EXCLUSIF. Apparu dans les années 1980 aux Etats-Unis, le crack séduit de plus en plus de jeunes au Maroc, en particulier à Casablanca. Selon le commissaire divisionnaire Abderrahim Habib, chef de la division de lutte contre la criminalité transnationale à la Direction centrale de la police judiciaire, cette drogue dure a fait l’objet d’un plan d’action de la DGSN visant à éradiquer son trafic.

Abderrahim Habib : “Comment la DGSN cherche à assécher les réseaux de distribution de lbouffa”

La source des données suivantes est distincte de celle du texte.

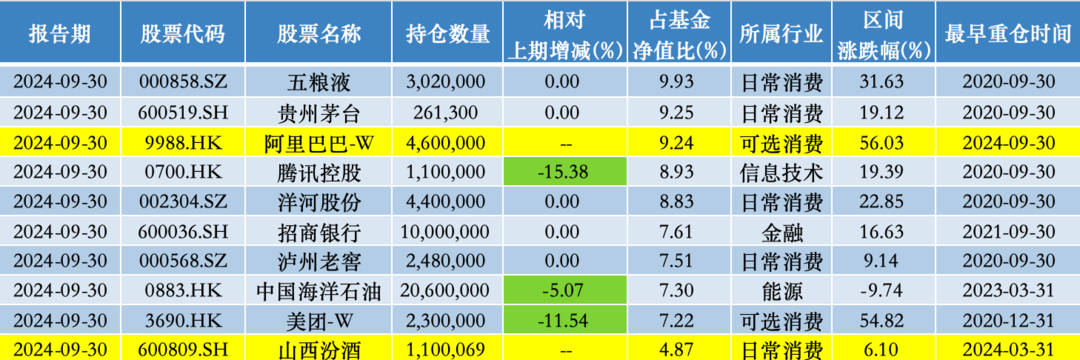 易方达优质企业三年持有三季度前十大重仓股；来源：澎湃新闻记者据Wind数据统计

Le 18 octobre 2023 à 18h58

Modifié 18 octobre 2023 à 18h58

EXCLUSIF. Apparu dans les années 1980 aux Etats-Unis, le crack séduit de plus en plus de jeunes au Maroc, en particulier à Casablanca. Selon le commissaire divisionnaire Abderrahim Habib, chef de la division de lutte contre la criminalité transnationale à la Direction centrale de la police judiciaire, cette drogue dure a fait l’objet d’un plan d’action de la DGSN visant à éradiquer son trafic.

En présence du commissaire divisionnaire Abdemajid Faddad, chef du service de recherches et d’intervention à la BNPJ, Abderrahim Habib fait le point pour Médias24 sur l’apparition du crack au Maroc − connu sous le nom de lbouffa −, qui fait des ravages aux Etats-Unis et en Europe depuis plusieurs décennies.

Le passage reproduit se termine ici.